My husband and I both worked in New York City in what I like to call late-start industries: music and fashion. It was not unthinkable for me to roll into my fashion-editor job around 10 a.m., just as everyone else was getting there. For a good 15 years of my life, I set up a pattern of going to bed by midnight and waking up by 8 a.m., refreshed.
Fast-forward to 2020, and as the world changed and people's daily habits changed, our lives also drastically changed because we became parents. Now my husband and I find ourselves fighting over who gets to wake up at 5 a.m. The morning has become our sacred quiet time, and I truly can't believe it.
Parenting changed our priorities — and our schedules
We are on a very strict kid schedule. I would move mountains to make sure we never, ever deviate from it, because our child has been sleeping through the night since 10 weeks old. She gets out of her crib at 7 a.m., meaning whichever morning activities we want to do need to be completed by then. We both also now work early-start jobs.
For me, that means waking up at 5 a.m. to have a little me time before a 6 a.m. yoga class. I read the news, drink my coffee, eat breakfast, and get dressed. My husband alternates 5 a.m. wake-ups for either going to the gym or reading.
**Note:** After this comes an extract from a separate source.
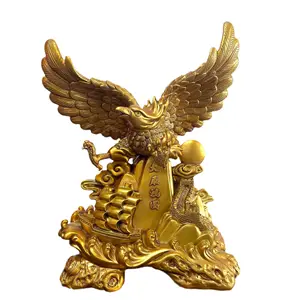 Manufacturer Modern Metal Resin Crafts Plate Eagle Sculpture Eagle Statue Copper Hawk For Sale Eagle Flying Animal Decoration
We usually start the week by talking about who wants to do what, and when. It's not an everyday situation, but talking through our schedule helps us manage expectations.
On weekends we often rotate who wakes up with the baby at 7 a.m. so we can give the other a break. It's impossible to sleep in a small house with a toddler and a puppy, but that extra hour or two of lounging around in bed makes us feel more whole.
Time to ourselves makes us better parents and people
While a 5 a.m. wake-up might sound brutal to some, it's often the most energized and quiet time of our day. At night we're both exhausted by the time our daughter's bedtime rolls around, and there's little time for ourselves after we've closed up the house. We can barely stay awake to watch a TV show or read, let alone work out.
Getting up at 5 a.m. allows us to start our day with what fills our cups, namely exercise. And we are just simply out of hours in the day to get it done at any other time.
It doesn't work for everyone
I am a reformed night owl; I used to do my best writing at night, and I used to routinely go to workout classes at 7:30 p.m.
But now the mornings offer me the quiet time I need to have a hot cup of coffee, read the news and actually focus on it, and get my one-two punch of exercise and meditation through yoga. Most importantly, I actually like it.
And while this might not work for everyone, especially if kids are waking up earlier to go to school, it works for us and our family.
I might sometimes need a midday coffee, but that's a small price to pay for retaining some of myself and my sanity.